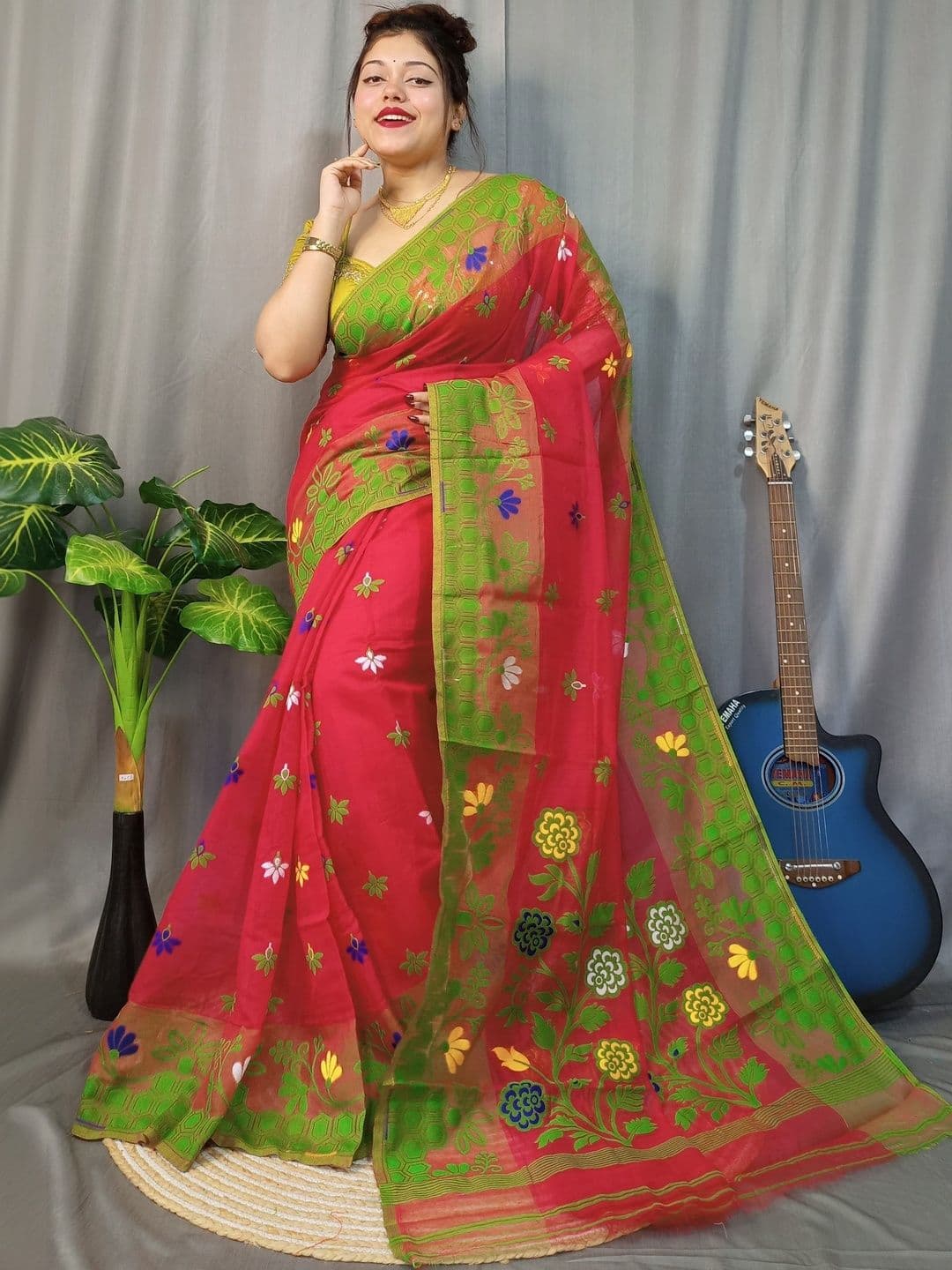 Rnn Saree Floral Embroidered Silk Cotton Handloom Jamdani Sarees - view 1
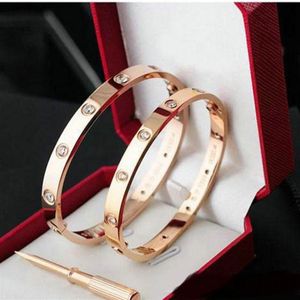 Pulseiras de titânio tamanho 15-22, pulseira para amantes da moda, pulseira de casamento, ouro rosa, dia de ação de graças, pulseira sem box286b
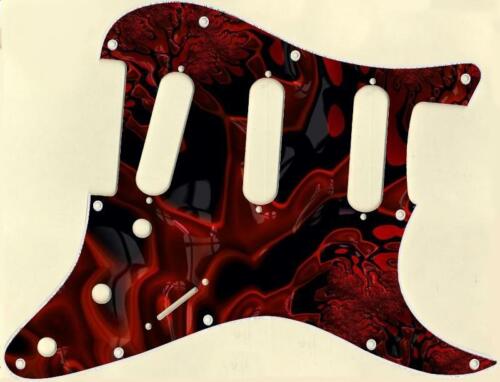 Stratocaster Pickguard Custom Fender SSS11 Hole Guitar Pick Guard Fractal Blood - Picture 1 of 1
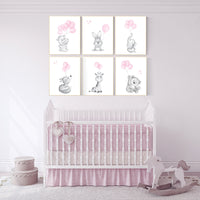 Nursery decor animals, animal balloon print,  nursery decor girl, elephant, bunny, giraffe, fox, nursery wall art girl, pink and gray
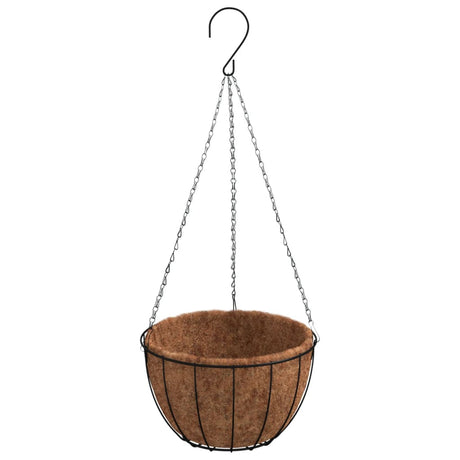 Vidaxx Hängepflanzgefäße 4 Stück mit Kokosnussbox Stahl ø 40x63 cm schwarz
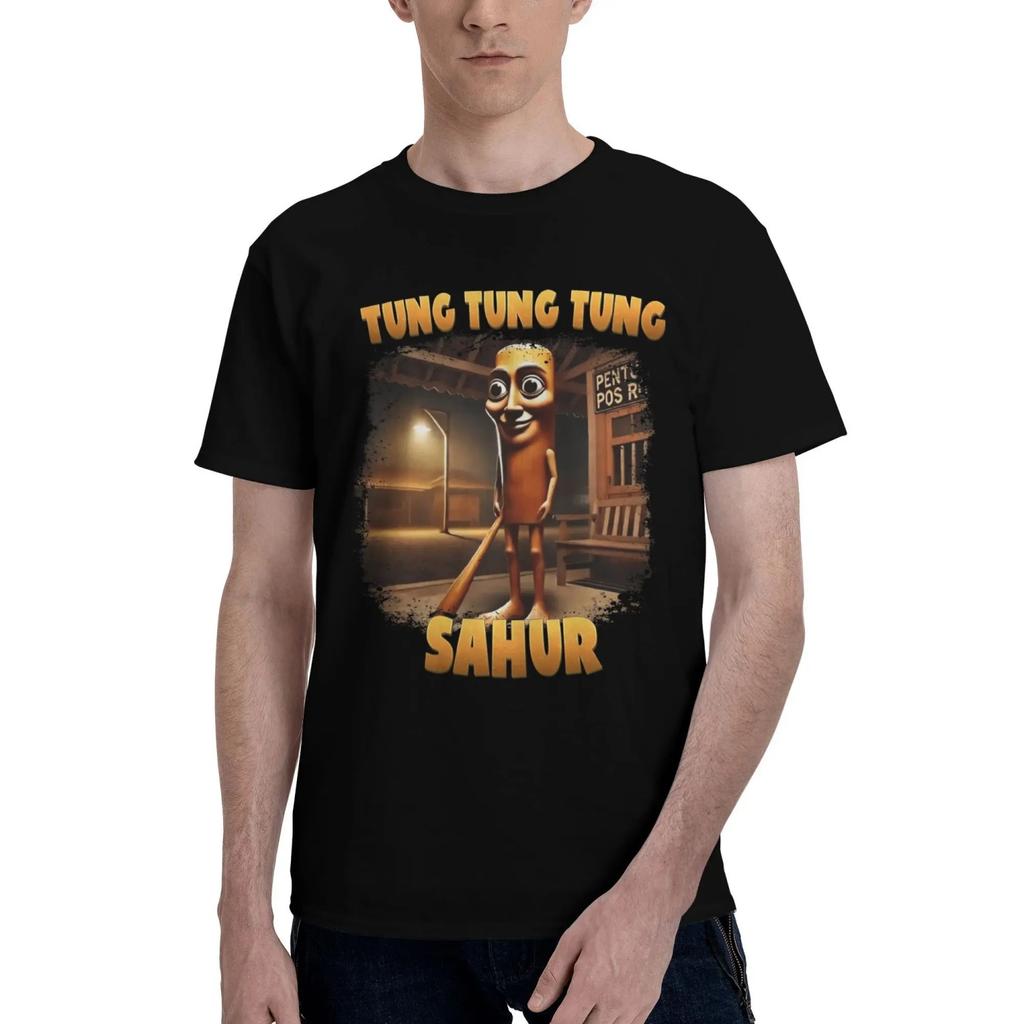 T-shirt Oversize Tung Tung Tung Sahur Meme T-shirt in Cotone Moda Brainrot Italiano T-shirt da Uomo Estiva Y2K Retro Top Magliette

——

What is being asked — Repeat, word for word, each of the records, omitting any image they hold.

Task solution —
 Rnn Saree Floral Embroidered Silk Cotton Handloom Jamdani Sarees - view 1
 Pulseiras de titânio tamanho 15-22, pulseira para amantes da moda, pulseira de casamento, ouro rosa, dia de ação de graças, pulseira sem box286b
 Stratocaster Pickguard Custom Fender SSS11 Hole Guitar Pick Guard Fractal Blood - Picture 1 of 1
 Nursery decor animals, animal balloon print,  nursery decor girl, elephant, bunny, giraffe, fox, nursery wall art girl, pink and gray
 Vidaxx Hängepflanzgefäße 4 Stück mit Kokosnussbox Stahl ø 40x63 cm schwarz
 T-shirt Oversize Tung Tung Tung Sahur Meme T-shirt in Cotone Moda Brainrot Italiano T-shirt da Uomo Estiva Y2K Retro Top Magliette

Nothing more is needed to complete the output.